Evan Parker was the first free jazz/improv saxophonist I ever heard, and the one who made me fall in love with this kind of music. Before I had heard Ayler, Braxton or Brötzmann, Parker was the one who showed me that the saxophone could be a source of great passion and intensity. Live, his serpentine solos and jaw-dropping circular breathing technique burned themselves into me in a way that very few rock performers had ever done.
It’s been a long time since I saw Parker live – there was a stimulating collaborative show with Zoviet France, a phenomenal trio gig at the old Vortex in Stoke Newington, and a concert in Brighton with Spring Heel Jack – so it was great for me to see him for the first time in Vienna, this time as part of his long-standing trio with pianist Alex von Schlippenbach and drummer Paul Lovens. Their improvisational instincts honed by many years of playing together, the trio proceeded to play two long and engrossing sets. Schlippenbach was an agile and eloquent pianist, Lovens an enthralling presence on the drums. Parker was the star for me, but at the end of the day this concert, like all the best group-based improvisation, was an extended conversation between these three gifted musicians.

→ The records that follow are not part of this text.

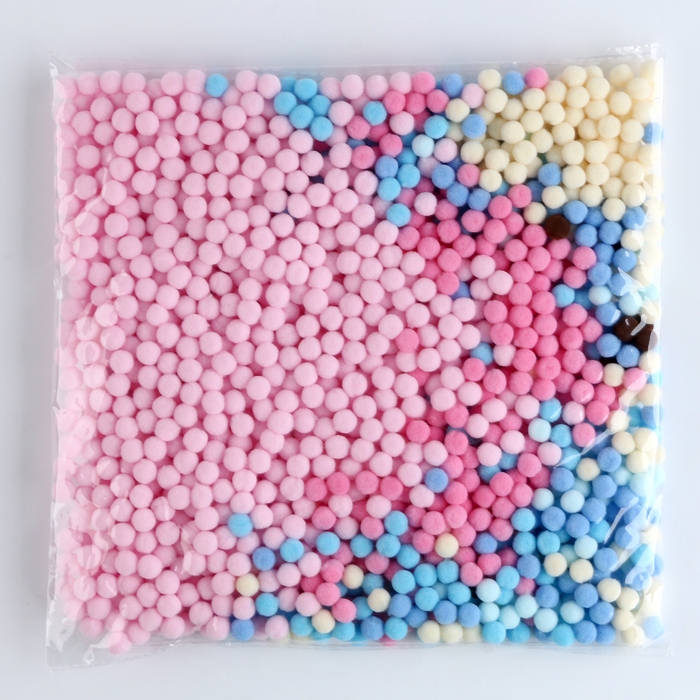 Аппликация помпошками &laquo;Русалочка&raquo;, размер &mdash; 30 &times; 30 см, клей 30 мл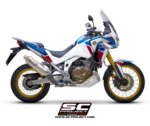 SC-Project Εξάτμιση Honda Africa Twin CRF1100L 2020-2023 Rally Raid Titanium Slip-On - Image 3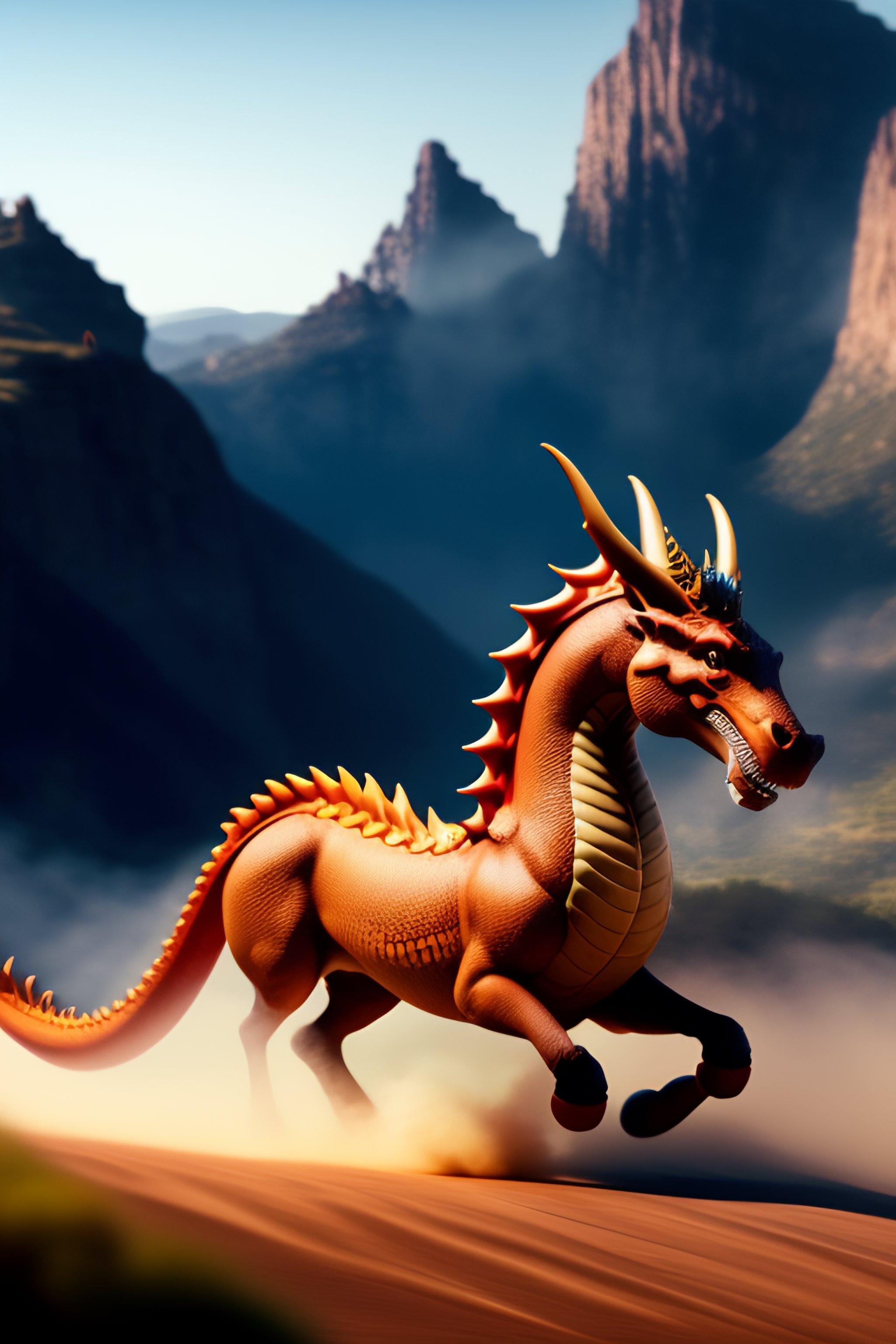 Lexica - Shakira ridding a dragon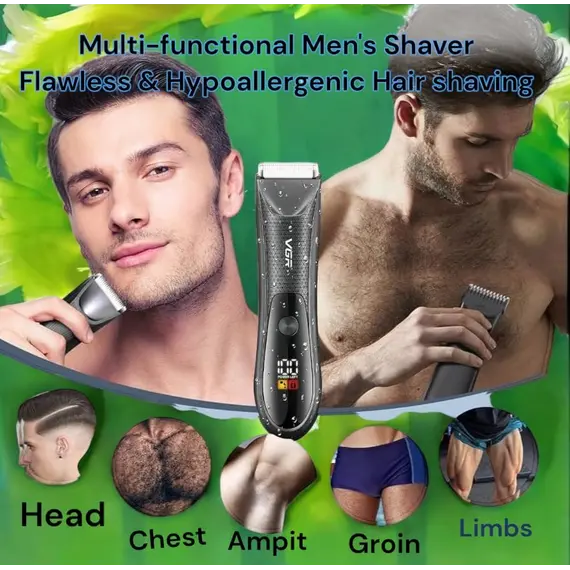 Makine Trupi & Hunde VGR V-934 Profesionale Waterproof IPX7 me Tehe Qeramike dhe USB Rechargeable, 8 imazh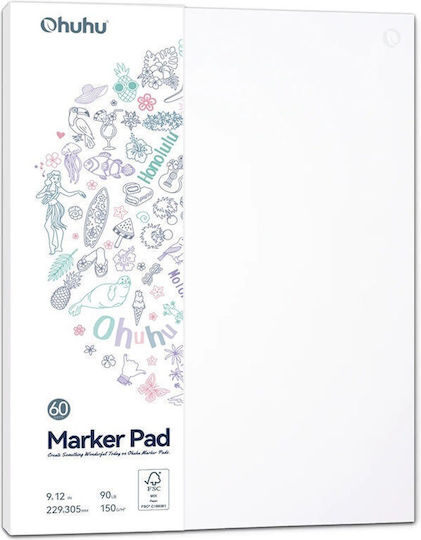 Sketchbook Ohuhu Marker Bleedproof 22.9x30.50cm 150gr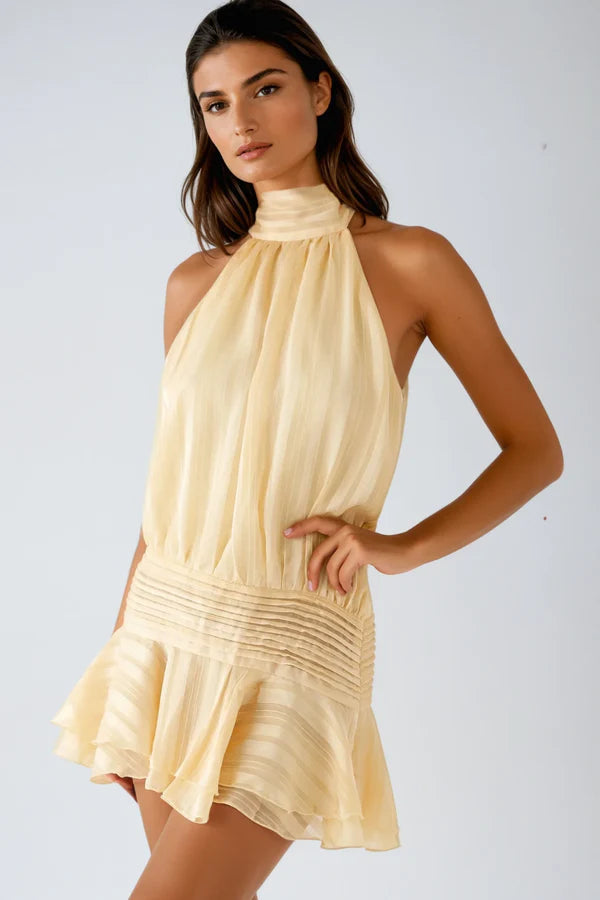 Severina | Vestido Mini Elegante para Mujer con Cuello Halter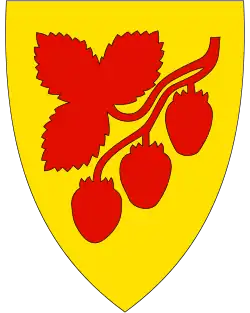 Coat of arms of Norddal Municipality (1990-2019)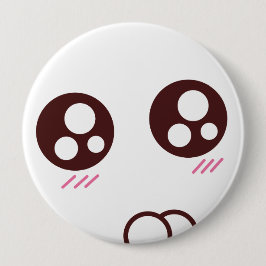 Cute Kawaii kitten emoji Ronde Button 4,0 Cm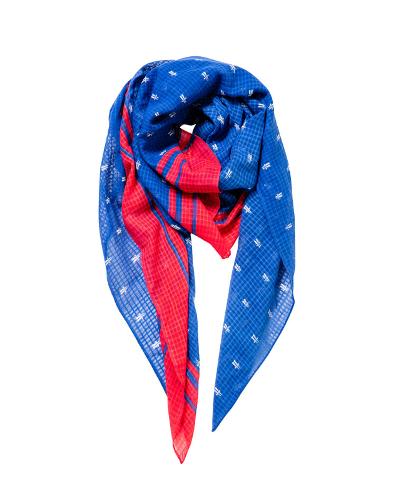 Foulard Mini Autobahn Bleu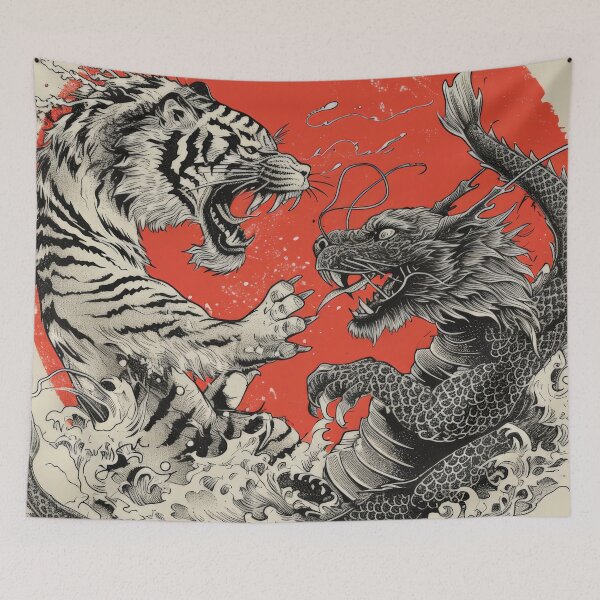 Item preview, Traditional Japanese Irezumi Tiger designed and sold by CosmicAnomaly.
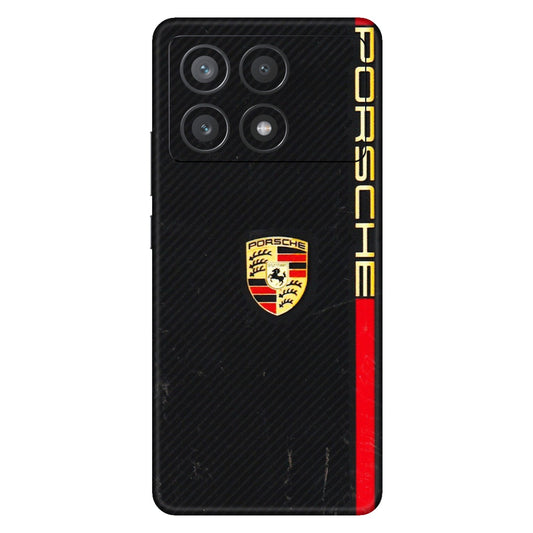 POCO Phone Skins (All Models) - Premium Porsche - 3D Embossed Finish (L-225) Poco X6 PRO (5G)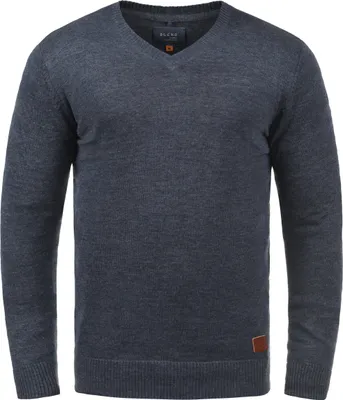 Produktbild von Blend BHLasse Herren Strickpullover Feinstrick Pullover mit V-Ausschnitt Baumwollmischung Regular fit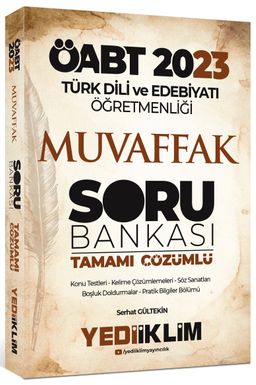 2023 ÖABT Türk Dili ve Edebiyatı Öğretmenliği Muvaffak Tamamı Çözümlü Soru Bankası 
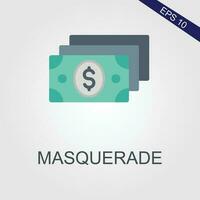 masquerade flat icons eps file vector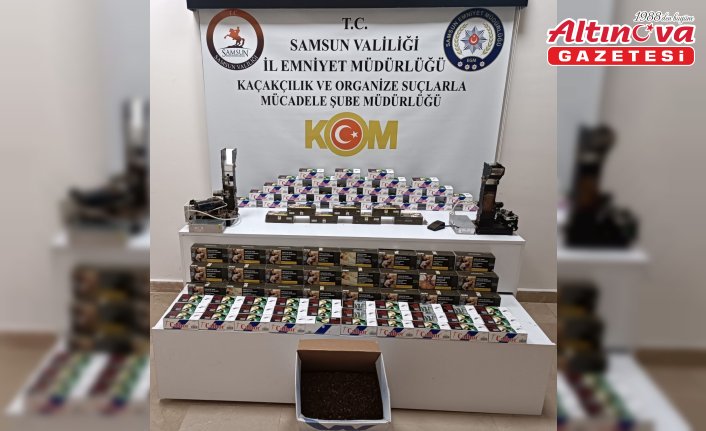 Samsun'da 23 bin makaron ele geçirildi, 2 zanlı yakalandı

That Spitz gig with :zoviet*france: remains in memory as one of the finest I’ve experienced. Supported by a young lass with an impressive set of yodelling pipes, one Dawn McCarthy who’d later reappear in Faun form.
Interestingly enough, that wasn’t the gig I was thinking of – I wasn’t at the Spitz that night. I saw Parker with ZF at the Conway Hall in 1996, possibly as part of the LMC Festival.
There I go making wild assumptions…
The Spitz gig was in 1997 and was fantastic, so I’m glad they’d previously had a chance to get a feel for each.